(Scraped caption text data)
# # #

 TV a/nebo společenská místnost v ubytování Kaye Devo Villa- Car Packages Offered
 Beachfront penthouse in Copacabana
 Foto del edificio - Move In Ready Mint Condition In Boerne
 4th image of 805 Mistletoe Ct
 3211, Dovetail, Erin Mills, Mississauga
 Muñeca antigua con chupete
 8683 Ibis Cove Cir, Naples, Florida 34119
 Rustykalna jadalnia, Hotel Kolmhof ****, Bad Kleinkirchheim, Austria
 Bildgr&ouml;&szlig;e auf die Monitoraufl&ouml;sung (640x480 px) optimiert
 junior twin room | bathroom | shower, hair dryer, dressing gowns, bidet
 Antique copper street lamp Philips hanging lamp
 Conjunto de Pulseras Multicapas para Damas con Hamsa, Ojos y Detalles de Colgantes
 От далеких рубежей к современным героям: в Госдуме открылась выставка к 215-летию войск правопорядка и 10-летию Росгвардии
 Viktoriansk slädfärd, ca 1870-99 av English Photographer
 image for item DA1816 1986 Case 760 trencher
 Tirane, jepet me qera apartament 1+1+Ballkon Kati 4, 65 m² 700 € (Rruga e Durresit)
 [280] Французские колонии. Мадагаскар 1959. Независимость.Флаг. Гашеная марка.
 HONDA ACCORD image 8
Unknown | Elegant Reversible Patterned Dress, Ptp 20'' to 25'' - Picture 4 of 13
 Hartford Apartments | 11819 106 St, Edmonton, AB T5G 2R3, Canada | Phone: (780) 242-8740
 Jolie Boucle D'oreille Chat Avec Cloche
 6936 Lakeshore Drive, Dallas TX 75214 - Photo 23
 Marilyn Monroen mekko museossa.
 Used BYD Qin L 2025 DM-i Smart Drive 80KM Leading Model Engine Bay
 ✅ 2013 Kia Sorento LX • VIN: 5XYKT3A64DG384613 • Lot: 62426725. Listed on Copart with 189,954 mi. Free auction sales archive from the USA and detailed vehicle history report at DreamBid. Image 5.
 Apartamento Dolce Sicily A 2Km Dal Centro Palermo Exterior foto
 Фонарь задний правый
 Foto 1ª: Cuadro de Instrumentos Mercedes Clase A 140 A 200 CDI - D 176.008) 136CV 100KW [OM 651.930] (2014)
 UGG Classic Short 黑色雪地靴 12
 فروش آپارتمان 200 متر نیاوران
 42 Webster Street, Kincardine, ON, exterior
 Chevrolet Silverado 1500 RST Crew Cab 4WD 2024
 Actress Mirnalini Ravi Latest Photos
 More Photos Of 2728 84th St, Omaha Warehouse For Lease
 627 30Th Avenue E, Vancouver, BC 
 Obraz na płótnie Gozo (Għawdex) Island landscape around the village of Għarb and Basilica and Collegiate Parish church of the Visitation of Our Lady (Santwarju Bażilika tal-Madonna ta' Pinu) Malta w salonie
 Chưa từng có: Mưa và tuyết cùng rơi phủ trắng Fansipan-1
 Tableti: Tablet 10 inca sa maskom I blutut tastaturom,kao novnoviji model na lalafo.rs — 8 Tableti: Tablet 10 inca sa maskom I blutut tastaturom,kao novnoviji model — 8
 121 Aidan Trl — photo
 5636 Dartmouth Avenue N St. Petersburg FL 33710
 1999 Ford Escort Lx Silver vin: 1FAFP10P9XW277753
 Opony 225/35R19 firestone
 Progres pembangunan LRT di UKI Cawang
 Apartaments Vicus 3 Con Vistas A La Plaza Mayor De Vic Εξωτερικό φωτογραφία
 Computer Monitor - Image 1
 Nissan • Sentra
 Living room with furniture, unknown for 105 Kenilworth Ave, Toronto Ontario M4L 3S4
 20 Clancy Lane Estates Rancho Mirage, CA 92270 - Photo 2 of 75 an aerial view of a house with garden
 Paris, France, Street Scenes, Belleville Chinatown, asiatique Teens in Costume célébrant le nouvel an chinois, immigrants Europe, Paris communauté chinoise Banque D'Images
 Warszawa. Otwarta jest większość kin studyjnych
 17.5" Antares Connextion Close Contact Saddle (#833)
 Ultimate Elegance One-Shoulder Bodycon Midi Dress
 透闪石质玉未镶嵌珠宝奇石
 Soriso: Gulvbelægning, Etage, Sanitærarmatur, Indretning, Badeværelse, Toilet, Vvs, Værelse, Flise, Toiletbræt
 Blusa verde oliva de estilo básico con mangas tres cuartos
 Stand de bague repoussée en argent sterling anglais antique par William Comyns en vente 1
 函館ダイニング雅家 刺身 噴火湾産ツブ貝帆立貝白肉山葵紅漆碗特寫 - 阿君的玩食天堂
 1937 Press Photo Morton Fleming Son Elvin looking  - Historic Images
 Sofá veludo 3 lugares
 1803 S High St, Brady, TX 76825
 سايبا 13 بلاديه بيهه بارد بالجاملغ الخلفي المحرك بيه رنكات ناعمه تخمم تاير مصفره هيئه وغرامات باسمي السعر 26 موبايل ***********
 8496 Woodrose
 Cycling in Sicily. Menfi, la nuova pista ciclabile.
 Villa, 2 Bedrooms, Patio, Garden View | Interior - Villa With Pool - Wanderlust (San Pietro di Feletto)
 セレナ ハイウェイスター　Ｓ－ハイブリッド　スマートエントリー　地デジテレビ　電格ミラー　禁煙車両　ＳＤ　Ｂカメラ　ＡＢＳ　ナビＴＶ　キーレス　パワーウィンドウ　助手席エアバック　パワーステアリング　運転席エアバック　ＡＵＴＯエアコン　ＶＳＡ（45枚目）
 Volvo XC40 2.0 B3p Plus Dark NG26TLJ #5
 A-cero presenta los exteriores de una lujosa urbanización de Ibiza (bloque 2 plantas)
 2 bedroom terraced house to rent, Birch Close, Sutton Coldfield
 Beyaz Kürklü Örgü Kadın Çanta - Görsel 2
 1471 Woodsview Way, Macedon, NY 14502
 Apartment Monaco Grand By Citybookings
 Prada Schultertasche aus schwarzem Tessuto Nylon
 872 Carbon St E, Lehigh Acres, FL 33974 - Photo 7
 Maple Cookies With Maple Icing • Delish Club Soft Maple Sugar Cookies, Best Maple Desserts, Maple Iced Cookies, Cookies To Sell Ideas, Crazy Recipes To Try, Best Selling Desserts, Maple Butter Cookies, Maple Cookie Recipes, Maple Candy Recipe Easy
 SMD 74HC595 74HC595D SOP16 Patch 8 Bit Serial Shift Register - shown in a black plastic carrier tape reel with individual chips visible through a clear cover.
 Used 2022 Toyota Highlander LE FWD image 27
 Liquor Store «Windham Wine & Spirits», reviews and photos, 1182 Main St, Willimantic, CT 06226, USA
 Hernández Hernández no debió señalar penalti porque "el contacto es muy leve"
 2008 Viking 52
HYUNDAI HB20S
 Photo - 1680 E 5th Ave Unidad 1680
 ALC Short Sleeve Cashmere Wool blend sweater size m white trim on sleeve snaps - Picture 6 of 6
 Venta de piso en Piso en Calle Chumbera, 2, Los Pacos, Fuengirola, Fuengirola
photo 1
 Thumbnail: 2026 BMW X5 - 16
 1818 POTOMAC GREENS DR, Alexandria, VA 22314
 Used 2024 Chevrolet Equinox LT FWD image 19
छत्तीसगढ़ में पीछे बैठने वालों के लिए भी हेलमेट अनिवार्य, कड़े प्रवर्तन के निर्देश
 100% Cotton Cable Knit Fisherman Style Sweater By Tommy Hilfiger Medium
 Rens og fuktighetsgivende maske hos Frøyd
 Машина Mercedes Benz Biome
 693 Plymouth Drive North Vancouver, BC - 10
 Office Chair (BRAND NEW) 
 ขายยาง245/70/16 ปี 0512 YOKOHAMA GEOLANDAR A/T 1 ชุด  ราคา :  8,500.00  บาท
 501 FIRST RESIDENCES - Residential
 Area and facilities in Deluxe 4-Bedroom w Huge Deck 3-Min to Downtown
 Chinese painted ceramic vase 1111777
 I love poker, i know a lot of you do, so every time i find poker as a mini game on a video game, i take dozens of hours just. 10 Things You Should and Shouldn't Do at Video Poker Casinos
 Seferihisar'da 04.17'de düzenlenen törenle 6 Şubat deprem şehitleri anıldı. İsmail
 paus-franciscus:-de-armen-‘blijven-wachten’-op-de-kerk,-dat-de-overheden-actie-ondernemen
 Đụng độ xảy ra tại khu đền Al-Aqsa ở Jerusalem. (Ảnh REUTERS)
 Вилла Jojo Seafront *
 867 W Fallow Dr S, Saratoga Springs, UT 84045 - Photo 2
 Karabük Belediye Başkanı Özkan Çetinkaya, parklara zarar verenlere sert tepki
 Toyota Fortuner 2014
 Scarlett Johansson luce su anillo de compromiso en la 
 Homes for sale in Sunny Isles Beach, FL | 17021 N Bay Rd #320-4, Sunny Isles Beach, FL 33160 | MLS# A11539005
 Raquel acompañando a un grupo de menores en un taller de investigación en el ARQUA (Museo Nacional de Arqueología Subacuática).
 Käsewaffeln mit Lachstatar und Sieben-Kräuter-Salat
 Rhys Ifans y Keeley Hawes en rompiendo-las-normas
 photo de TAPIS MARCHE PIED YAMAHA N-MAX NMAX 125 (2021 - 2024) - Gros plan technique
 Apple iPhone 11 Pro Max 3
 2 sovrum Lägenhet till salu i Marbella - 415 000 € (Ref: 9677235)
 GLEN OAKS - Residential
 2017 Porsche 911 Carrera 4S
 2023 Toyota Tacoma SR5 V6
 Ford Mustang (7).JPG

# # #

### Problem statement
Take exactly the lines from the one containing "Karabük Belediye Başkanı" through the one containing "Rhys Ifans y" in the data above, and output them with nothing added.

### Solution for this problem
 Karabük Belediye Başkanı Özkan Çetinkaya, parklara zarar verenlere sert tepki
 Toyota Fortuner 2014
 Scarlett Johansson luce su anillo de compromiso en la 
 Homes for sale in Sunny Isles Beach, FL | 17021 N Bay Rd #320-4, Sunny Isles Beach, FL 33160 | MLS# A11539005
 Raquel acompañando a un grupo de menores en un taller de investigación en el ARQUA (Museo Nacional de Arqueología Subacuática).
 Käsewaffeln mit Lachstatar und Sieben-Kräuter-Salat
 Rhys Ifans y Keeley Hawes en rompiendo-las-normas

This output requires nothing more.